Vitamin C deficiency leads to underdeveloped brains

Lykkesfeldt has studied the effect of vitamin C in guinea pigs for over ten years and his previous findings have made US health authorities issue recommendations that pregnant women and smokers increase their daily vitamin C intake by 30 per cent above the rest of the population.

Lykkesfeldt’s research has shown that guinea pigs with a slight vitamin C deficiency have smaller and underdeveloped brains and are less able to produce nerve cells. They also experience increased oxidative stress in the brain due to substances called reactive oxygen metabolites, which damage cells and DNA.

"Some of our guinea pigs had 30 per cent fewer brain cells due to a vitamin C deficiency during the brain development stage. This corresponds to a serious brain injury,” he says.

“We have no clinical evidence [to confirm] that it also applies to people, but in guinea pigs, vitamin C is at the very least incredibly important during foetal development and early life," says Lykkesfeldt.

What is certain though, he says, is that the low levels of vitamin C intake often observed in humans, have extremely harmful health impacts in guinea pigs.

Vitamin C deficiency: a lasting social legacy

Lykkesfeldt says the results could also apply to us and so health researchers need to thoroughly investigate the topic.

"If it turns out that the same applies to people, then we should of course ensure that pregnant women and babies receive the necessary amount of vitamin C, so the brain can develop as it should,” says Lykkesfeldt.

Vitamin C deficiency in people occurs due to poor dietary habits, which according to Lykkesfeldt, is something that can be addressed.

“If our hypothesis is true then a lack of vitamin C could actually contribute to a negative social legacy if families cannot afford proper nutrition," he says.

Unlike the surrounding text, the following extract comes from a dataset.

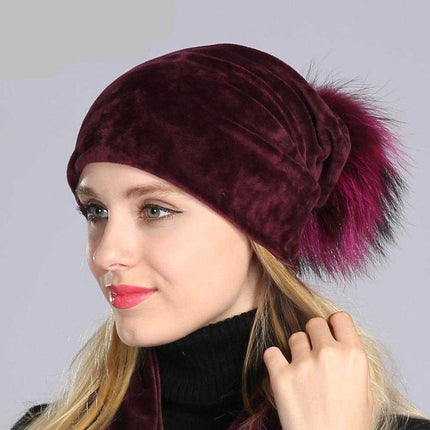 Bonnet en velours - Noir A - Adulte | La boutique du chapeau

A broad range of cognitive impacts

In the new study, Lykkesfeldt and his team will study how the brain matures by examining the differences in the development of individual brain cells that are exposed to varying levels of Vitamin C.

The researchers will also investigate how a lack of vitamin C might affect the brain cells' ability to communicate with one another--the vitamin is known to impact on two crucial substances in brain cell communication: dopamine and norepinephrine.

"We want to delve deeper into these mechanisms and understand the fundamental processes by which vitamin C affects brain function and development. If it does affect brain cell communication then this has impacts on cognition across the board," says Lykkesfeldt.

The research project will last for two years, from 1 August 2015 to 31 July 2017.